Property jargon buster
Property jargon can be incredibly intimidating during the house moving process.
If you’re buying or selling a house and getting a little confused by some of the language used, our property jargon buster is for you!
A
Annual Percentage Rate (APR)
Annual Percentage Rate (APR) refers to how much you will pay each year in mortgage interest and any additional fees.
Your mortgage interest and any additional fees will be added together and then split across the lifetime of the mortgage. This helps you to carry out a more accurate comparison of the mortgage products available to you.
Arrangement Fee
An arrangement fee may be payable to a mortgage company or mortgage broker to cover the administrative costs of arranging your new mortgage.
Auction
A property auction is an alternative way to buy or sell a house.

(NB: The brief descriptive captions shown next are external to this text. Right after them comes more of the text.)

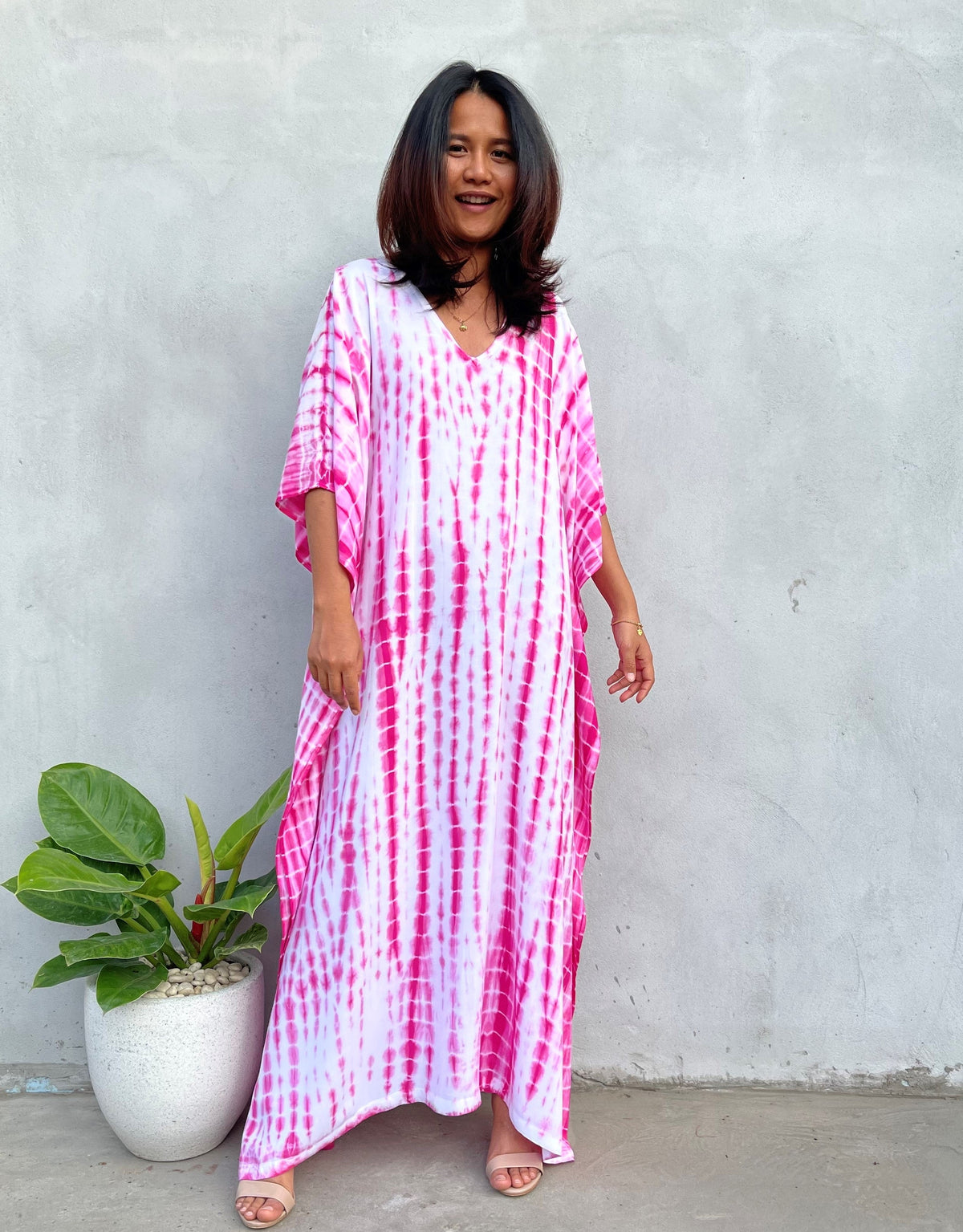 MALA handworks Eva Kaftan in White and Pink Tie Dye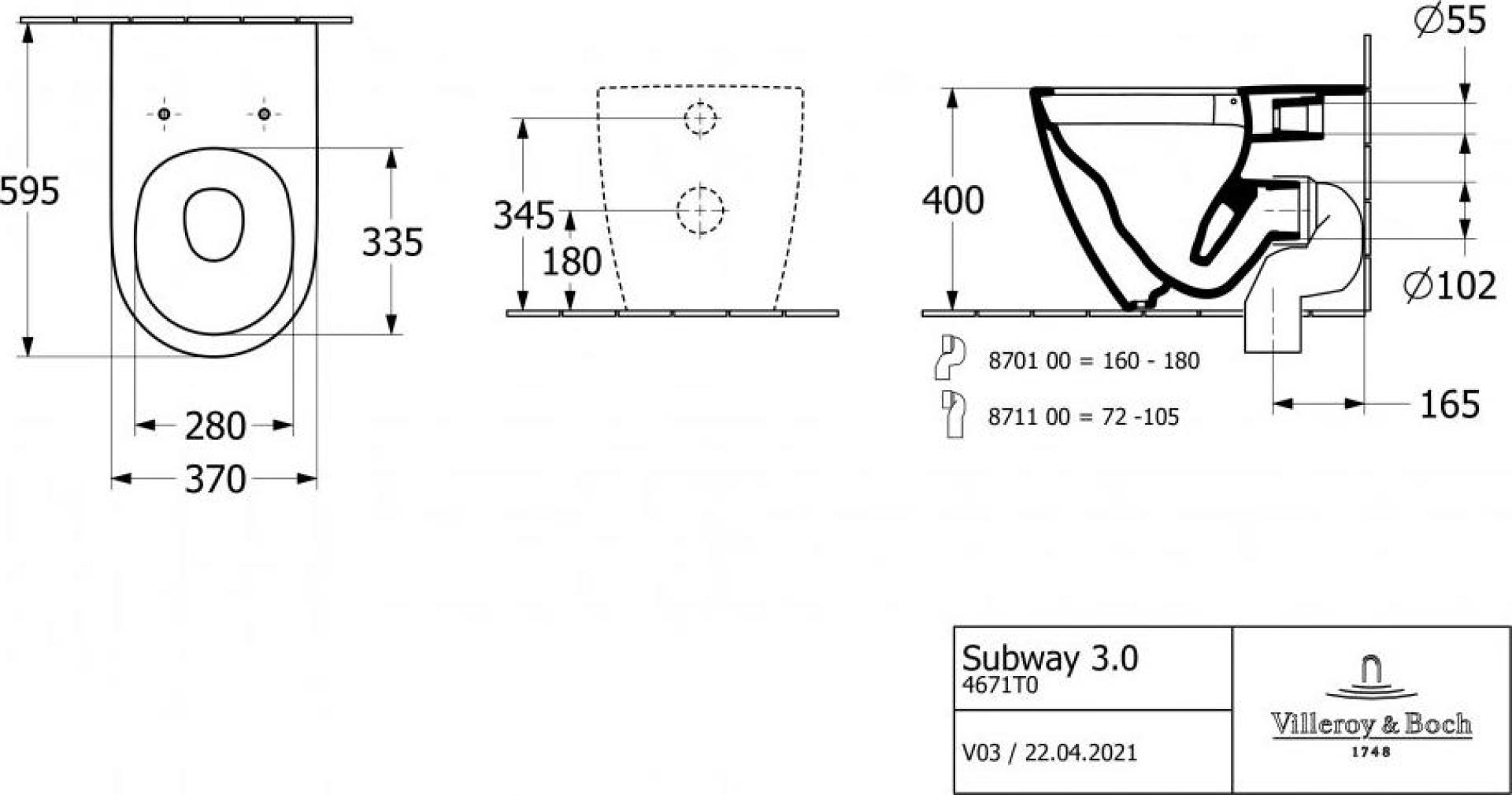 Приставной унитаз Villeroy & Boch Subway 3.0 4671T0R1, белый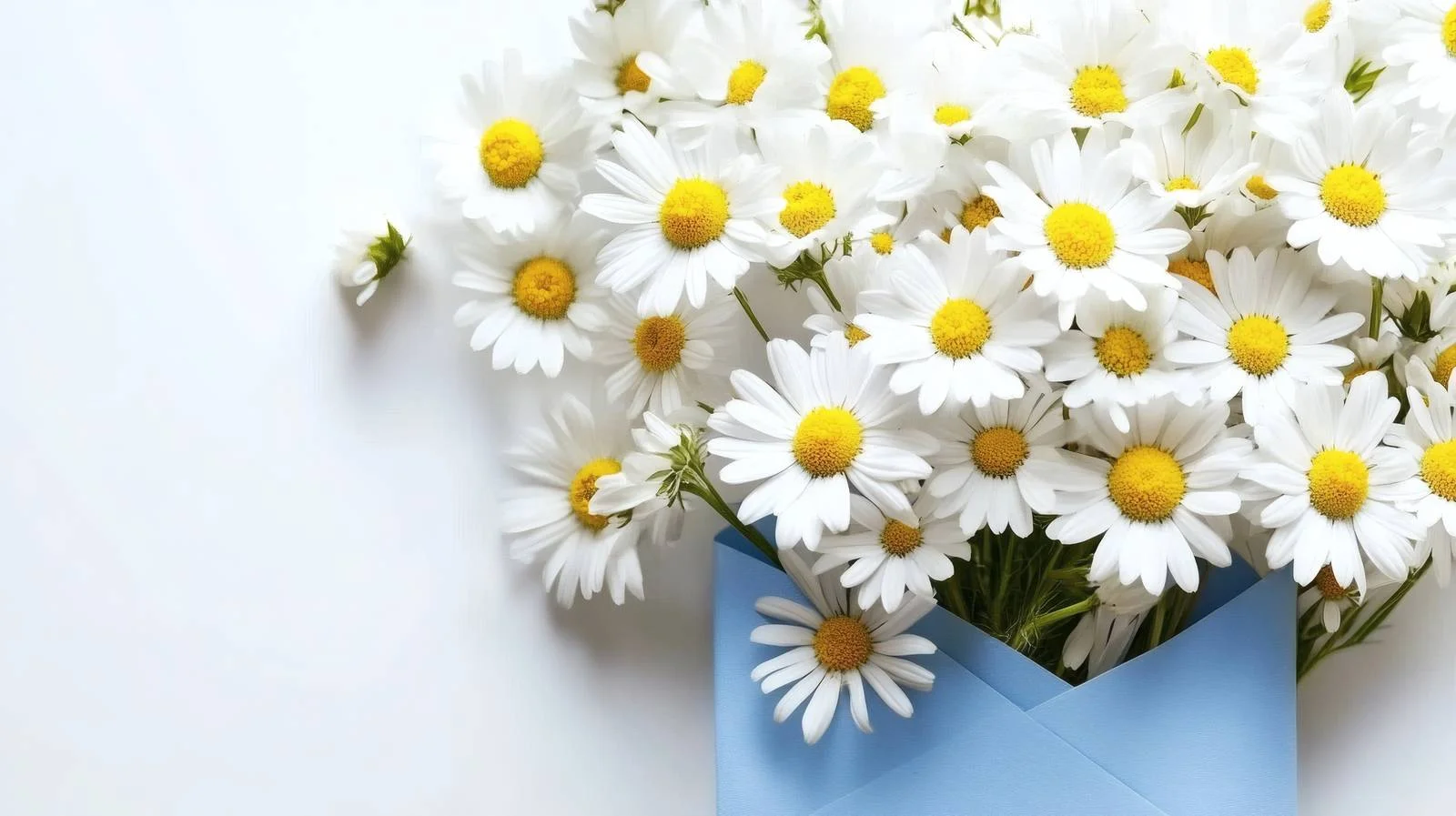 Chamomile flowers in blue envelope, isolated — free download from Dotvec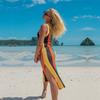 New Vintage Colorful Knit Bikini Cover Up Sexy Knit Cutout Side Slit Tank Top Long Dress Women Beach Swimwear Cover Up Q1403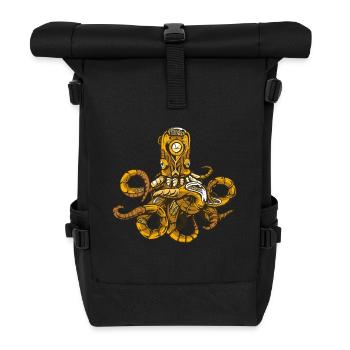 Octopus steampunk - Roll Top Backpack - black - Front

The property owner will set a ‘guide’ price for the property, and then interested buyers will bid on it. The buyer who makes the highest bid will secure the property (as long as their bid is above the minimum ‘reserve’ price the seller has said they’re willing to accept). Once the auction has taken place, the winning bidder usually has 28 days to complete the sale.
B
Bridging Loan
A short-term loan you can take out to ‘bridge’ the gap if the purchase of your new home completes before you sell your current property.
Building Survey
A building survey can be a generic term used for a property survey or it may be specifically referring to a RICS Level 3 building survey. A RICS Level 3 building survey is the most thorough homebuying survey offered by RICS. The only more in-depth survey available would be a full structural survey carried out by a structural engineer.
C
Capital Gains Tax
Capital Gains Tax may be payable if you’re selling a property that isn’t your main home. It will only be payable if the property has gone up in value during the time you’ve owned it, and how much you owe will be calculated on the amount of profit you’ve made.
Chain Break
Chain break is the term used when a property sale related to yours (part of your property ‘chain’) falls through, impacting your own sale.
Completion
Completion signifies the end of the legal property transfer process. At the point of completion, all money will be transferred and ownership will legally transfer to the new owner of the property.
Completion Statement
A completion statement is a financial summary of the sale or purchase. It will break down all of the costs involved and payments made.
Condition Report
A condition report is a Level 1 RICS property survey. It is ideal for quite new properties as it will only provide top level basic information on the condition of the property. The surveyor will not do any in-depth exploration or costing.
Conveyancer
A conveyancer is a professional who carries out the legal process of transferring a property from one owner to another. This may be a conveyancing solicitor or a licensed conveyancer.
Conveyancing
Conveyancing is the legal process of transferring ownership of a property from one person to another. The process will include the drafting, reviewing and exchanging of property transfer contracts, managing the transfer of funds, conducting property searches, managing any stamp duty payments, and ensuring that the property transfer process is legally compliant.
Covenant
A covenant is a legal condition placed on a property. This will usually be something the owner of a specific property is required to do or forbidden from doing. Any covenants relevant to your property will be detailed in the title deeds or land registry documents.
D
Deeds
Deeds are legal documents that prove ownership of a property.
Default
Default is the term used if you fail to make the required repayments on a loan eg. your mortgage.
Deposit
A deposit is the money you pay in order to secure your new property. Buyers are usually required to pay a 10% deposit, which will be transferred to the seller when contracts are exchanged. At this point, the sale becomes legally binding.
Disbursements
Disbursements are the payments your solicitor is required to make on your behalf. These payments may be required for things like property searches, land registry fees, survey costs, stamp duty, and any bank transfer fees.
Down Valuation
Down valuation is the term used when your mortgage lender values your property at a lower price than the agreed sale price.
E
Early Repayment Charge
If you choose to repay your mortgage before the end of your initial ‘tie-in’ period (usually between two and five years), you may be liable for an early repayment charge. The closer you are to the end of your tie-in period, the lower this repayment charge is likely to be.
Easement
An easement is a legal agreement for someone to use part of your property for a specific reason. This may include things like legal rights of way, access to sewage or utility services, or access to a shared driveway.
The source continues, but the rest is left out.